PostPosted: Sat Sep 03, 2011 9:00 pm
by BriCan
Ianinfrance wrote:I wonder if Brican might be seeing "salmon" in the method and thinking that you meant salmon instead of trout.


Oy Miister; I have been know to make some [tiny] Boo Boo's it wuz NCPaul. Although by the colour I fort they wuz Salmon :shock:

PostPosted: Sat Sep 03, 2011 9:29 pm
by Ianinfrance
Booger. booger booger. You're qujite right Brican. Sorry.

PostPosted: Sat Sep 03, 2011 10:13 pm
by BriCan
Sow kay :wink:

:) :) :)

PostPosted: Sun Sep 04, 2011 11:08 am
by NCPaul
Opps. :oops: I was mislead by the recipe title and the look of the fish.
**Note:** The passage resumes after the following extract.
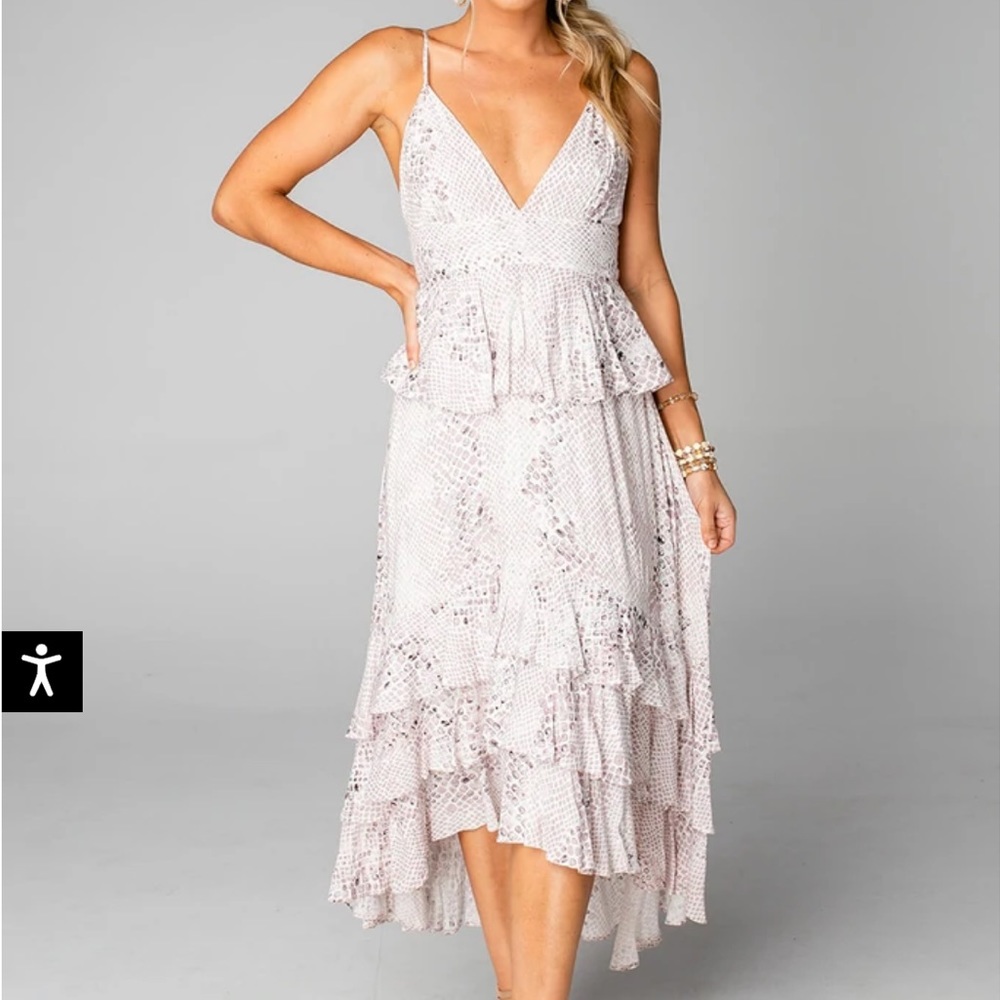 NWT Buddy Love Ruffled High Low Dress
Here's a link to what he smoked: http://en.wikipedia.org/wiki/Rainbow_trout I learned something new today at least. :D

PostPosted: Sun Sep 04, 2011 5:00 pm
by SmokenDevo
Not a problem for thinking they where salmon.
Thats why I buy them and also they are half the price of salmon. Most salmon I can buy is farm salmon and i'm not paying those high prices for farm salmon. The best salmon is Wild Copper River Salmon but to do as much as the rainbow trout would have cost me well over 100 dollars.

PostPosted: Thu Sep 15, 2011 7:48 pm
by GarretT
Was the rainbow trout farm raised or wild? I've always liked fresh caught rainbow trout over the camp fire but haven't fixed it at home. I usually go for the wild caught sockeye salmon and like the flavor over farm-raised salmon. The wild-caught seems to have more of a salty sea flavor to it.